Recorded information>
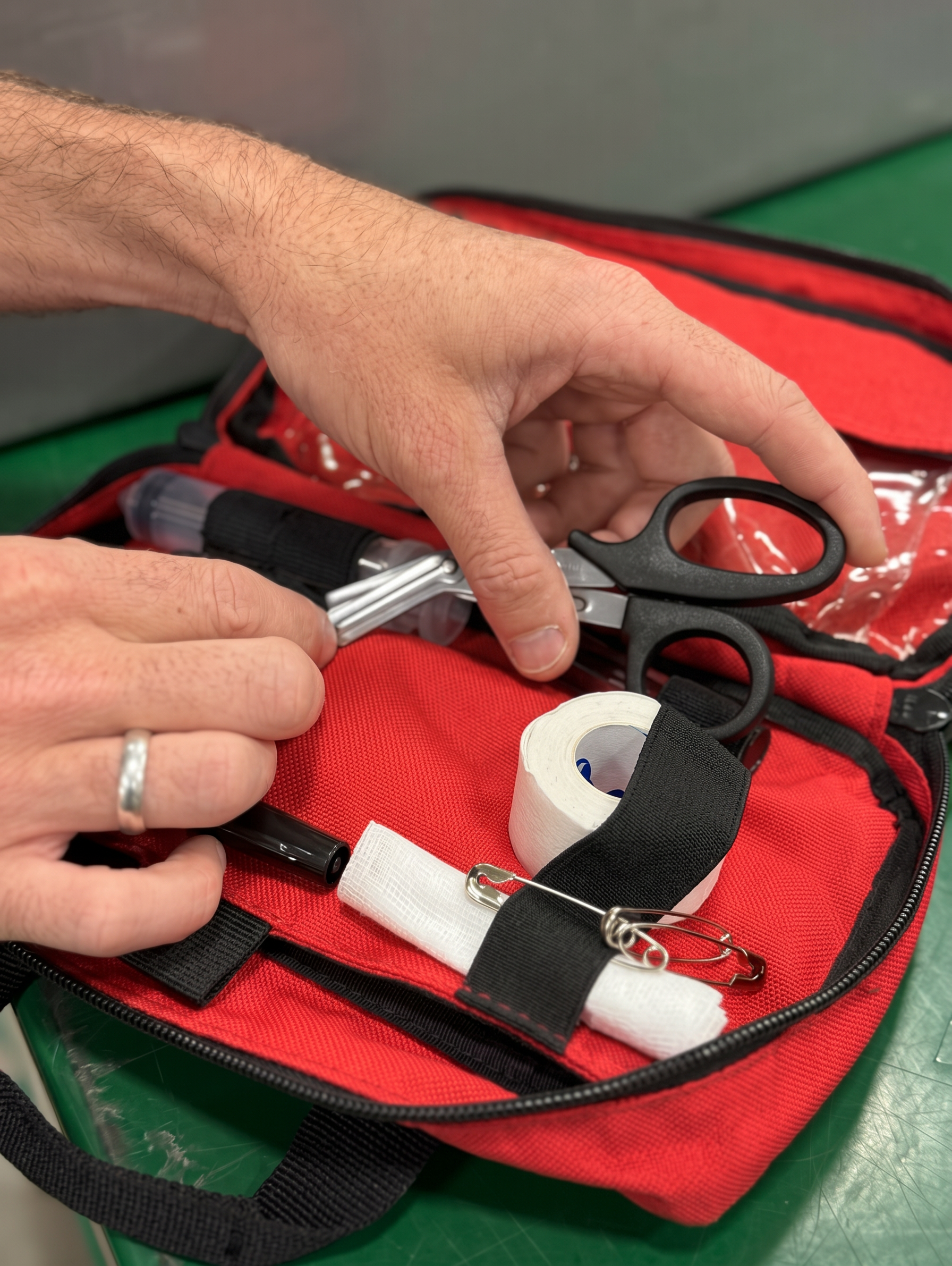 Hands arranging shears and supplies inside an open red medical organizer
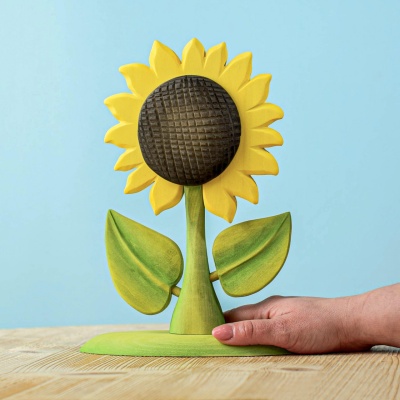 A wooden sunflower toy with yellow petals and a woven pattern center, standing on a wooden surface against a light blue background.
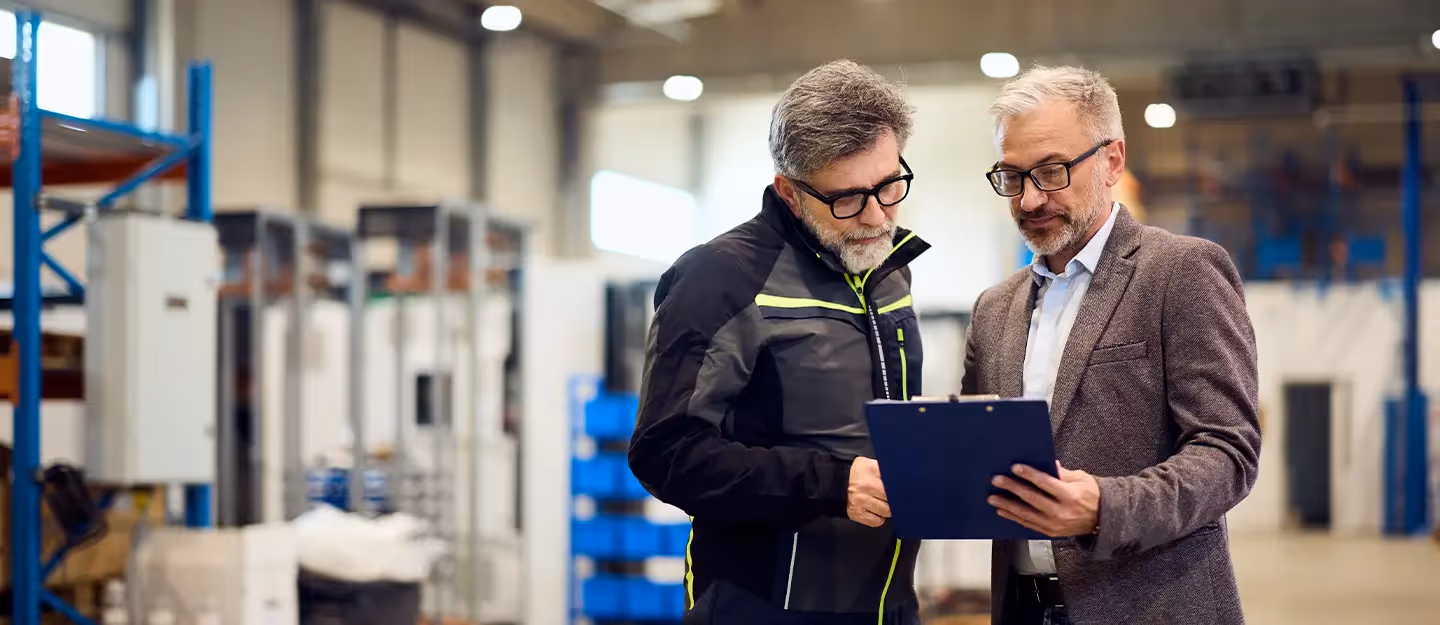 Two professionals standing in a modern manufacturing warehouse reviewing information on a clipboard beside industrial equipment and storage racks.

Task item>
Output each line above exactly as it stands, omitting the pictures.

Your solution>
 Hands arranging shears and supplies inside an open red medical organizer
 A wooden sunflower toy with yellow petals and a woven pattern center, standing on a wooden surface against a light blue background.
 Two professionals standing in a modern manufacturing warehouse reviewing information on a clipboard beside industrial equipment and storage racks.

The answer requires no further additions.